Was unterscheidet die Stuttgarter Kickers von Ihren bisherigen Stationen im Profifußball?

Die Stuttgarter Kickers sind ein Traditionsverein mit einem sehr klangvollen Namen. Wir arbeiten unter professionellen Bedingungen und das Training ist anspruchsvoll und abwechslungsreich. Natürlich steht der sportliche Erfolg wie bei jedem anderen Verein im Vordergrund. Bei den Kickers geht es sehr familiär zu und jeder hilft dem anderen. Die öffentliche Aufmerksamkeit ist natürlich geringer als in der Bundesliga, aber wir arbeiten daran, dass sich das ändert.

Zuletzt gab es am vergangen Freitag ein 2:1-Testspiel-Sieg gegen den Regionalligisten Sonnenhof Großaspach und darauffolgend ein trainingsfreies Wochenende. Eine willkommene Abwechslung?

Natürlich sind Testspiele immer eine willkommene Abwechslung und ein freies Wochenende ist in unserem Beruf ja eher selten. Deswegen haben die zwei freien Tage der Mannschaft und mir sehr gut getan.

Zusammen mit Julian Leist sind Sie in der Innenverteidigung gesetzt. Zuletzt gab es vier Heimsiege ohne Gegentor. Woran liegt es, dass die Mannschaft nun bessere Ergebnisse abliefert als zu Saisonbeginn?

Die Mannschaft hat sich stabilisiert und wir stehen in der Defensive sehr kompakt. Bis auf das Spiel in Wiesbaden, wo wir vier Tore kassiert haben, waren die Ergebnisse immer knapp. Im Vergleich zu den ersten Spielen versuchen wir, viele Situationen spielerisch zu lösen und nicht mehr so oft mit langen Bällen zu operieren.

Auch Eure Auswärts-Auftritte in Saarbrücken und Duisburg waren zuletzt stark, jedoch habt ihr Euch nicht mit drei Punkten belohnt. Somit wartet ihr weiter auf Euren ersten Auswärtssieg. Was macht Sie optimistisch, dass sich das beim nächsten Auswärtsspiel in Münster ändert?

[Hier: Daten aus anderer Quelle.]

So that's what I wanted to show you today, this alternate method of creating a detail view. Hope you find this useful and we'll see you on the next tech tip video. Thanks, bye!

In Duisburg waren wir wirklich nah dran am ersten Auswärtsdreier, doch kurz vor Schluss mussten wir den Ausgleich hinnehmen. Das soll uns in Münster nicht passieren. Zunächst müssen wir in der Defensive sicher stehen und dürfen nichts zulassen. Es ist langsam an der Zeit, dass wir auswärts mal gewinnen und die Ernte einfahren. Dafür ist in Münster aber eine konzentrierte Leistung notwendig.

Abschließend noch eine Frage zu Ihrer Karriereplanung. Sie haben lange Zeit in der ersten Bundesliga gespielt, für Hertha BSC sogar international. Haben Sie Ambitionen noch einmal höherklassig zu spielen?

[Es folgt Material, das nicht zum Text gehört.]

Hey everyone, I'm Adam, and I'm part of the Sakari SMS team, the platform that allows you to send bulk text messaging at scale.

Damit beschäftige ich mich zurzeit nicht. Ich habe einen Vertrag bei den Stuttgarter Kickers und den möchte ich erfüllen. Wir haben ein großes Ziel und ich möchte meinen Beitrag dazu leisten, dass wir dieses Ziel erreichen. Fußball ist ein schnelllebiges Geschäft und es kann natürlich immer was passieren.